South Sudan Returnees Arrive In Bor From Renk

Nearly 1,000 South Sudanese returnees have arrived in Jonglei State after they had stayed in Renk waiting for support to move since the independence of South Sudan in 2011.

South Sudan Returnees Arrive In Bor From Renk
Bor County RRC Coordinator, James Jok carrying a returnee child standing next to the mother Amuor Jooh Gai and another returnee in Bor. [Jacob Achiek Jok]

By Jacob Achiek Jok

BOR, 01 July 2013 [Gurtong] –The barge arrived in Bor on Friday after taking 12 days on transit from Renk.

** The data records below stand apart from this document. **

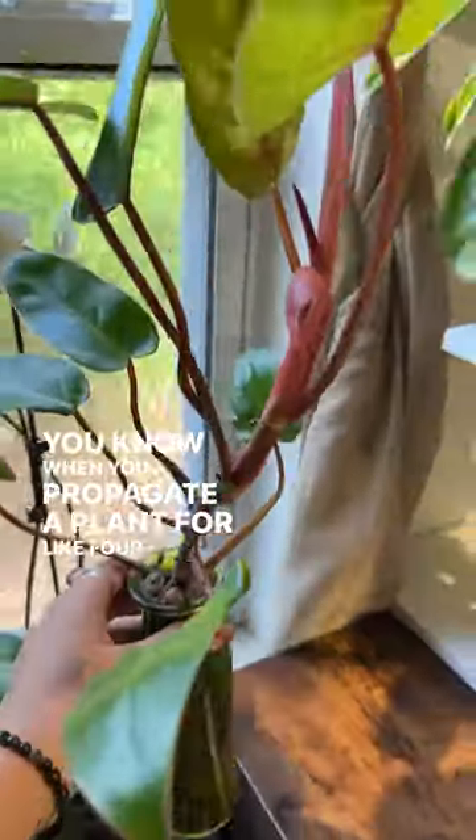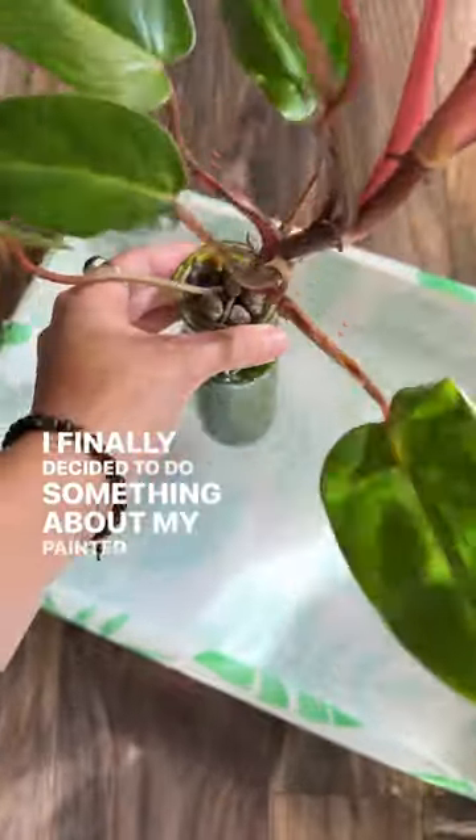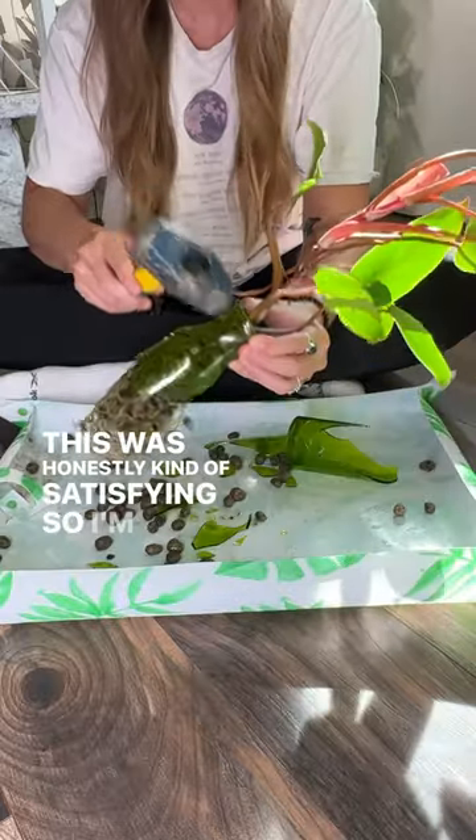You know when you propagate a plant for like four months too long and this happens? I finally decided to do something about my painted lady today, but I could not get it out of this bottle without reinforcements. This was honestly kind of satisfying, so I'm really not that mad about it.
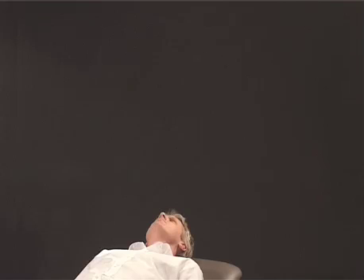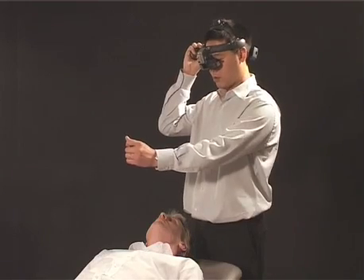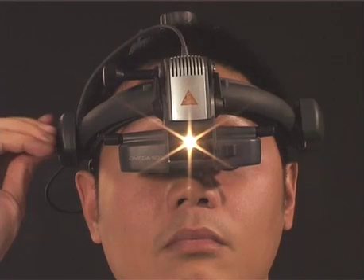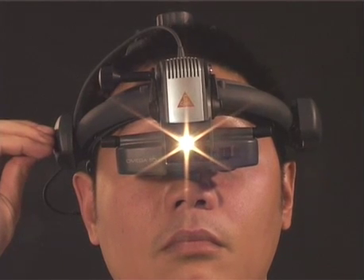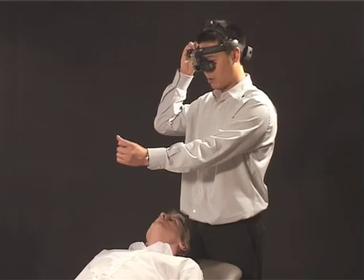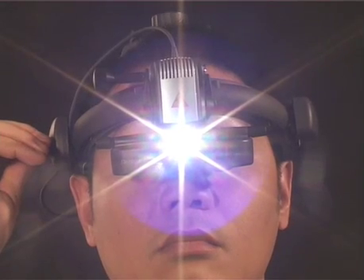With the patient suitably prepared, you're now ready to proceed with the systematic examination of the retina. Begin with the illumination at quite a low level. The lower intensity will reduce patient discomfort and allow the retina to adapt. You can steadily increase the brightness as the patient becomes more accustomed to the light.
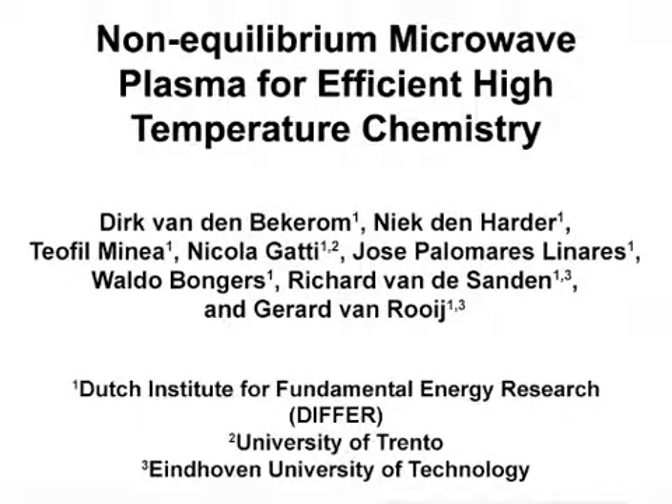The overall goal of this experiment is to convert or activate stable molecules such as carbon dioxide, nitrogen, methane, or water with a microwave plasma reactor.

John Mabior Anyieth, a returnee, said that they have spent a year waiting for International Organization for Migration (IOM) and its partners to support their transport.

“We had been waiting to be ferried to their states for a year but in vain, so they found their own ways by selling their belongings and hired a barge to ferry them to Bor and Juba,” Anyieth said.

Anyieeth said they used their money for hiring a ship but did not give the clear details about how much they paid saying that payment was depending on the size of the families.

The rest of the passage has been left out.